ASSIGNMENT: Two lines below mark the span: the one containing "Hatman of Ireland" and the one containing "Kaksi puuttuvaa palaa – Hedelmät". Set down both, plus every line between, exactly as they stand, and nothing else.

(Caption-style text data)

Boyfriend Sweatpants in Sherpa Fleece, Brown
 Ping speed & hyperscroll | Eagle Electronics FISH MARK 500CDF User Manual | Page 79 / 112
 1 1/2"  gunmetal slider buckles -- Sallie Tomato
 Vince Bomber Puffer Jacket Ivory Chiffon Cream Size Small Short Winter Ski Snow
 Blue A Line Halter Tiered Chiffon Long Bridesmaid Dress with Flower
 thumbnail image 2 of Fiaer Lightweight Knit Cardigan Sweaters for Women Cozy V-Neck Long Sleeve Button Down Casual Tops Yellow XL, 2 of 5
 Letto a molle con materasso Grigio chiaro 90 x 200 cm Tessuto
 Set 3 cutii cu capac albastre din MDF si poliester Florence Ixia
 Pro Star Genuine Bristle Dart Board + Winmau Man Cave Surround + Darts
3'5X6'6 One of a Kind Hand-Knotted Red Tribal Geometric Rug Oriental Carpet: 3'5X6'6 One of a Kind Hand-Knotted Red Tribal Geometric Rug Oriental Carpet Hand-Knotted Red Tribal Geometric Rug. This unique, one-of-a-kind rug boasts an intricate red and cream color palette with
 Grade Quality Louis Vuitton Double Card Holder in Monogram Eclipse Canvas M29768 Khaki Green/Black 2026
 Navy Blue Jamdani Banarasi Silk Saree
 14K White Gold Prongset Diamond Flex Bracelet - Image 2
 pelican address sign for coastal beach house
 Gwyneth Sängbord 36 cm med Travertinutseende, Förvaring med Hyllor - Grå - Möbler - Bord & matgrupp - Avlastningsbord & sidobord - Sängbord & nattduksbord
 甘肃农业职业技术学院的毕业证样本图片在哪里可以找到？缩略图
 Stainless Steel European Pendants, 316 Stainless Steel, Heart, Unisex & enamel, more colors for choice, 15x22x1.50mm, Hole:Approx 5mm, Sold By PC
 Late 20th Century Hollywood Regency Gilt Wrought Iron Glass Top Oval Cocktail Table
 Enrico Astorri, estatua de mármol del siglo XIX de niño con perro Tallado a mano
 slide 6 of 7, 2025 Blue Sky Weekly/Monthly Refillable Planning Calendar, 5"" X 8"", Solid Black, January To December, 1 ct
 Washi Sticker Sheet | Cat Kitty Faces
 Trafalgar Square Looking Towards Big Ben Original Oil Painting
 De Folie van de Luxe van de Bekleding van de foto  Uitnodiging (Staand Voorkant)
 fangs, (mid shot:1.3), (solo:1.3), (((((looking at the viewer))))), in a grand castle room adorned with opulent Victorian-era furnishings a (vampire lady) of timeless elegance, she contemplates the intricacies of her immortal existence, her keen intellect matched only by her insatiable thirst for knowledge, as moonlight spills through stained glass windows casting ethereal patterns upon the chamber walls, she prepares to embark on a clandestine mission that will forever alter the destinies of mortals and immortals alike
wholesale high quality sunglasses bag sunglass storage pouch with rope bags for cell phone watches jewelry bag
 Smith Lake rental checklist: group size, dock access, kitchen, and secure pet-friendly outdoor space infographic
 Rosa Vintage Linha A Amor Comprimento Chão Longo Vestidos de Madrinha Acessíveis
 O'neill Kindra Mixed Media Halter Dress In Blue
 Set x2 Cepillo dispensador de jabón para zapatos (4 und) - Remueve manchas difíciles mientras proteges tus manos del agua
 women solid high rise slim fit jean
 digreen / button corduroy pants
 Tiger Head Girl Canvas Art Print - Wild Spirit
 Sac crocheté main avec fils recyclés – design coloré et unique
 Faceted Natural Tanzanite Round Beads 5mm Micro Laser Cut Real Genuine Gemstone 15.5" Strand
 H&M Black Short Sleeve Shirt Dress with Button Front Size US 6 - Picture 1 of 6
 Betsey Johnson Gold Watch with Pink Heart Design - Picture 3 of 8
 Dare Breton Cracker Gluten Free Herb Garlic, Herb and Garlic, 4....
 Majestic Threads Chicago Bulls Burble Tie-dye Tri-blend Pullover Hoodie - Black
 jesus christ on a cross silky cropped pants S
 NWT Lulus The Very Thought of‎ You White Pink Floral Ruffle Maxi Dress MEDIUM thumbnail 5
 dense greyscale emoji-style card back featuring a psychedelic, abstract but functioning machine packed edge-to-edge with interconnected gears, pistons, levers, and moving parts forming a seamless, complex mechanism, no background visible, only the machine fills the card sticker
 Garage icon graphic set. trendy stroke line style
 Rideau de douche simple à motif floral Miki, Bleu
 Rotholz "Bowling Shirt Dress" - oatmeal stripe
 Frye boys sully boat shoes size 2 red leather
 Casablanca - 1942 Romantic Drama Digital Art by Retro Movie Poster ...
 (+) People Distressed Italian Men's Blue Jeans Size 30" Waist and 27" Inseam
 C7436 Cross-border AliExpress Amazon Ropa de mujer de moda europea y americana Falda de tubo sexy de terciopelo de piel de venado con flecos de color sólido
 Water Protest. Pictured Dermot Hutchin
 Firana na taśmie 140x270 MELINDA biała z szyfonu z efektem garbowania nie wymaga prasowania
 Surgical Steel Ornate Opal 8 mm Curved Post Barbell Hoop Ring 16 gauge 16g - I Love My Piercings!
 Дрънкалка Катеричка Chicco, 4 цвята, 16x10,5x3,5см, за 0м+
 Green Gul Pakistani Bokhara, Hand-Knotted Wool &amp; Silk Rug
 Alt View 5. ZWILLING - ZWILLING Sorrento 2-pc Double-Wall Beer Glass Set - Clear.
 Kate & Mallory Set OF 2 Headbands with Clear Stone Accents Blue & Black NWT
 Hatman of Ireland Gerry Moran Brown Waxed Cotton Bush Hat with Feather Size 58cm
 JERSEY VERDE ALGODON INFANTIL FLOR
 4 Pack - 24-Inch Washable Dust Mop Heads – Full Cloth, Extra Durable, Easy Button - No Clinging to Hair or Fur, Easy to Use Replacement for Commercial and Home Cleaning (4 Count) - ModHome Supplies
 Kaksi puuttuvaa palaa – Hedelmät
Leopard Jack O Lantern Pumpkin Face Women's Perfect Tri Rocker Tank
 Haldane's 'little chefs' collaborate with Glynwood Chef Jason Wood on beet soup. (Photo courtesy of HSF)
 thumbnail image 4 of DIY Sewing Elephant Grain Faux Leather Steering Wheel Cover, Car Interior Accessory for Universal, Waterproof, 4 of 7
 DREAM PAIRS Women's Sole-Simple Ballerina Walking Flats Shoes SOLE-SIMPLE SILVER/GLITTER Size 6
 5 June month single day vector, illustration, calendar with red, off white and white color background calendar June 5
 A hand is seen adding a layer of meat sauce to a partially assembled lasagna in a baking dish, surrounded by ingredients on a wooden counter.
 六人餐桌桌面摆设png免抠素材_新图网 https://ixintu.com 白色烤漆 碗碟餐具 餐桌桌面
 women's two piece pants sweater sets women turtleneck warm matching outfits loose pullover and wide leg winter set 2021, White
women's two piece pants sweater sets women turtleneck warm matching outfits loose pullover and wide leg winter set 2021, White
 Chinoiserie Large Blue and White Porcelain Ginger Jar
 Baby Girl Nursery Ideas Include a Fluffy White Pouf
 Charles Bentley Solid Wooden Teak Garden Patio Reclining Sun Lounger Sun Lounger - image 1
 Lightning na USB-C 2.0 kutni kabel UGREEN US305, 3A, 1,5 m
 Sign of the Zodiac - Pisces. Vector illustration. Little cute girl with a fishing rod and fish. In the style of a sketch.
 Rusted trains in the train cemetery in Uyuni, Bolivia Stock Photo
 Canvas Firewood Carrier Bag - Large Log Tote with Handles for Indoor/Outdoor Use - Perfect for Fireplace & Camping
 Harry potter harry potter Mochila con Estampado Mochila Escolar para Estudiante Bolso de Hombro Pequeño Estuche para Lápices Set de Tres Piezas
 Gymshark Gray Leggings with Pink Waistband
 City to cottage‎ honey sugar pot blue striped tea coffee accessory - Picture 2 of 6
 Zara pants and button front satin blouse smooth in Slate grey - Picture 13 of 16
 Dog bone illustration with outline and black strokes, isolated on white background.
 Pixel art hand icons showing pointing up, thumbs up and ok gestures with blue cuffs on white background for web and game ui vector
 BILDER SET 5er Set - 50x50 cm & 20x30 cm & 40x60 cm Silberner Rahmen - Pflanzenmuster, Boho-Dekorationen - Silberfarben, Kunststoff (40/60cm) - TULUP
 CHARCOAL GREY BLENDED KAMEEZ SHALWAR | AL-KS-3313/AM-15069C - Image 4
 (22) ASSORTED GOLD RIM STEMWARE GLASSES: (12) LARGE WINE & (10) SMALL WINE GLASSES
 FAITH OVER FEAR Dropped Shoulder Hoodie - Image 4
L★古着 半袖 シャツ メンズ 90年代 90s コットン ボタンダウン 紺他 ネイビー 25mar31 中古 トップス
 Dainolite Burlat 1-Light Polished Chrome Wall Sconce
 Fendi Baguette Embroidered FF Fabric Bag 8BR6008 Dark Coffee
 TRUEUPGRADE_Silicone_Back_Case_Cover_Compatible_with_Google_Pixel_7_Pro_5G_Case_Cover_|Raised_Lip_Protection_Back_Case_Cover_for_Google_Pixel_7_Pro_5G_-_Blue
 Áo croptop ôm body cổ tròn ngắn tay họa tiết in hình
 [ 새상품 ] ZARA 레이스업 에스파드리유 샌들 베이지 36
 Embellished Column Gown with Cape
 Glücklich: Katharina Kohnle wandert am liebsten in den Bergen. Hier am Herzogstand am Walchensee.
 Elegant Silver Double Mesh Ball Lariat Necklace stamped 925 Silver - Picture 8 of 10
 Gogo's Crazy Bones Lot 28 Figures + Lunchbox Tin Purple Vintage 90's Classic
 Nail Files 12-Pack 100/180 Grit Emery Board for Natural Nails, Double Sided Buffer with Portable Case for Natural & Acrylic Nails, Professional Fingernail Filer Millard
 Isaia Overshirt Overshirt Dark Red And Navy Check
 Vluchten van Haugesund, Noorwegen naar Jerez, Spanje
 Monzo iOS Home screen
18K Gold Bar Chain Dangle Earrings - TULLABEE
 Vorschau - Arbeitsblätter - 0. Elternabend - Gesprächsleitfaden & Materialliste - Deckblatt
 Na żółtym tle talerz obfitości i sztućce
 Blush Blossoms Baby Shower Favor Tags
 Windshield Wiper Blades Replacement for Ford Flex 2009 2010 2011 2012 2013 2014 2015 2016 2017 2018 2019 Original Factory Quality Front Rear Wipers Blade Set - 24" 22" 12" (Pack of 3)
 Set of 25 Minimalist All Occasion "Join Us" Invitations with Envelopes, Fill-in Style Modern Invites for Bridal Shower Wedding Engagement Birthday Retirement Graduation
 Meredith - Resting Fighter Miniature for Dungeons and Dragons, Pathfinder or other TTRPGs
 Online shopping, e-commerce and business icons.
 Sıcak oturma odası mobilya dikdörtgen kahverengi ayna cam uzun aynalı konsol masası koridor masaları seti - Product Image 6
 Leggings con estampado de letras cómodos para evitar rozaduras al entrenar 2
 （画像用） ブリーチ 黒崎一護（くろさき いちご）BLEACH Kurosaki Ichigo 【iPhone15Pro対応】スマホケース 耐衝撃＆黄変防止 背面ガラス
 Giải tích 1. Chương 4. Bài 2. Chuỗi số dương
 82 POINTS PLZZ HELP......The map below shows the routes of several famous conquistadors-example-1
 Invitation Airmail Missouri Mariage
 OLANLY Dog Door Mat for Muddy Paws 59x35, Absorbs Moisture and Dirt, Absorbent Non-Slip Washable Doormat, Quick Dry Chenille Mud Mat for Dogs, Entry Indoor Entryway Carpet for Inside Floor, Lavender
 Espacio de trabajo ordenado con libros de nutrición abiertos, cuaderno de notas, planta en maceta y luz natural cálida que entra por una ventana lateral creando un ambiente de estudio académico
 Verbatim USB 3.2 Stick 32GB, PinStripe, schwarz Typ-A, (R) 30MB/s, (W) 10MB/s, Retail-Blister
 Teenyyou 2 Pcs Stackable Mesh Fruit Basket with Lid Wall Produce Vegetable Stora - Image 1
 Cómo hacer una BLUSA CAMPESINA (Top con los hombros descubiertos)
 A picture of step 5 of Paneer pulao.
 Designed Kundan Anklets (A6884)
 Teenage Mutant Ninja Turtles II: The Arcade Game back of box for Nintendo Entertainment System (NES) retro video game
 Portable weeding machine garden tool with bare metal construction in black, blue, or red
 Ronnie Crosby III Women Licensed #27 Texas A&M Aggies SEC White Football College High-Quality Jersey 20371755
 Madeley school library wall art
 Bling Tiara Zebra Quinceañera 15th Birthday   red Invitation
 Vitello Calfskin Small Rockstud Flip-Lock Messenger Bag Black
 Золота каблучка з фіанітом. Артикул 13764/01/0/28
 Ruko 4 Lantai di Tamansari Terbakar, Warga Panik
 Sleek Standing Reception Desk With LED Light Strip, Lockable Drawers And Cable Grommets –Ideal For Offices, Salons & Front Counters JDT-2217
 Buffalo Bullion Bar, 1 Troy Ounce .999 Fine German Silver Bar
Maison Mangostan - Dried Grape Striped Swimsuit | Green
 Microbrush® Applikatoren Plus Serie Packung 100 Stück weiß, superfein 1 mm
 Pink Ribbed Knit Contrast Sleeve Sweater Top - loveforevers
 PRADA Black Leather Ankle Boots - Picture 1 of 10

RESPONSE BELOW:
 Hatman of Ireland Gerry Moran Brown Waxed Cotton Bush Hat with Feather Size 58cm
 JERSEY VERDE ALGODON INFANTIL FLOR
 4 Pack - 24-Inch Washable Dust Mop Heads – Full Cloth, Extra Durable, Easy Button - No Clinging to Hair or Fur, Easy to Use Replacement for Commercial and Home Cleaning (4 Count) - ModHome Supplies
 Kaksi puuttuvaa palaa – Hedelmät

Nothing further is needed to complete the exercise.